- [Exercise directions]:
Before printing the listing, strip out its pictures and keep everything else exact.

- [Dataset extract]:
__________
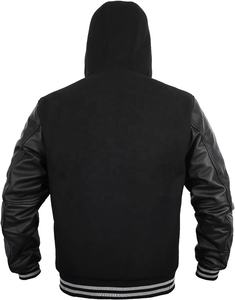 Chaqueta Universitaria de Lana Negra, Chaqueta Varsity con Mangas de Cuero Genuino y Mezcla de Lana, Chaquetas Universitarias para Hombre - Product Image 2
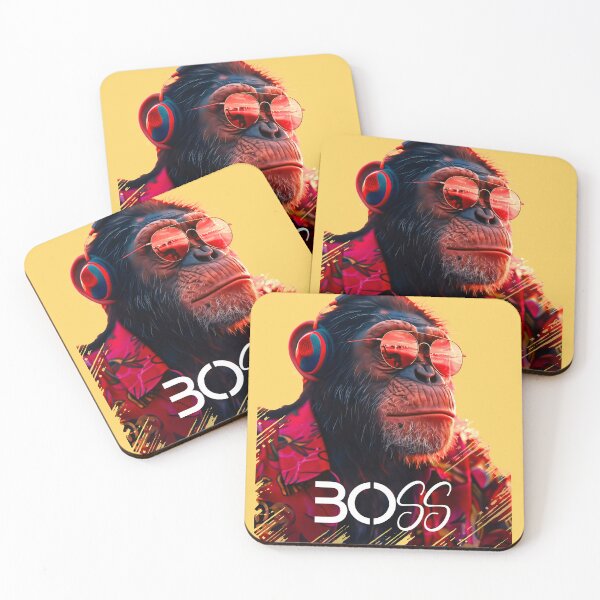 Item preview, Chimpanzee Boss enjoying his vacation wearing sunglasses and a headset. designed and sold by hojeong-art.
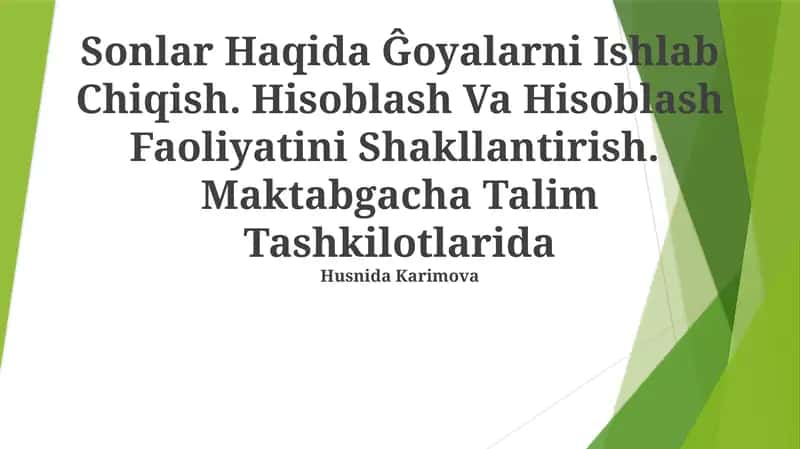 Sonlar Haqida Ĝoyalarni Ishlab Chiqish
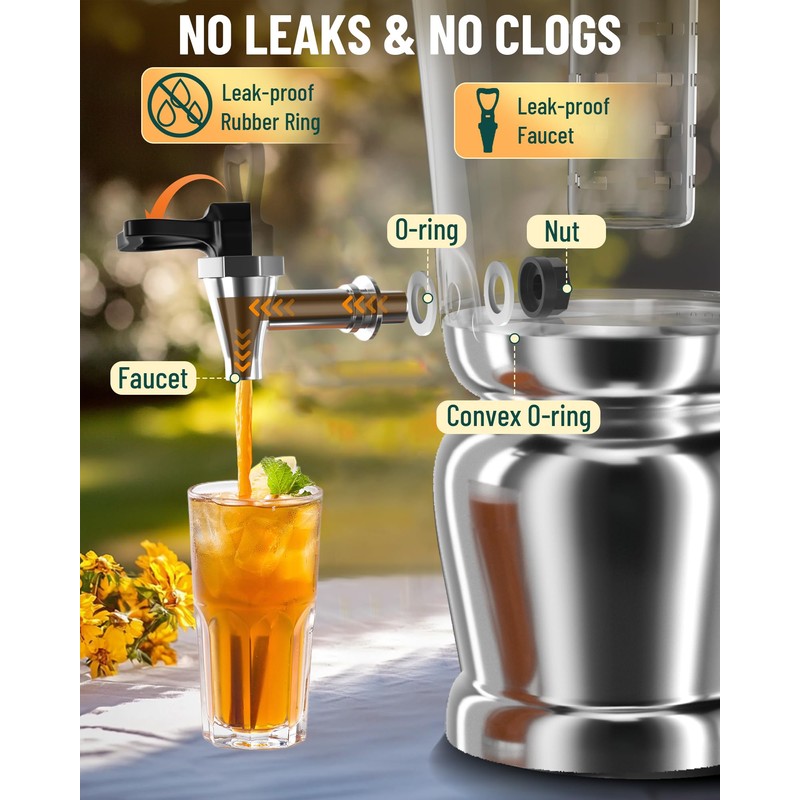 WantJoin Beverage Dispenser With Stand -2 Gallon Beverage Dispenser Drink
__________
- [Answer to this problem]:
 Chaqueta Universitaria de Lana Negra, Chaqueta Varsity con Mangas de Cuero Genuino y Mezcla de Lana, Chaquetas Universitarias para Hombre - Product Image 2
 Item preview, Chimpanzee Boss enjoying his vacation wearing sunglasses and a headset. designed and sold by hojeong-art.
 Sonlar Haqida Ĝoyalarni Ishlab Chiqish
 WantJoin Beverage Dispenser With Stand -2 Gallon Beverage Dispenser Drink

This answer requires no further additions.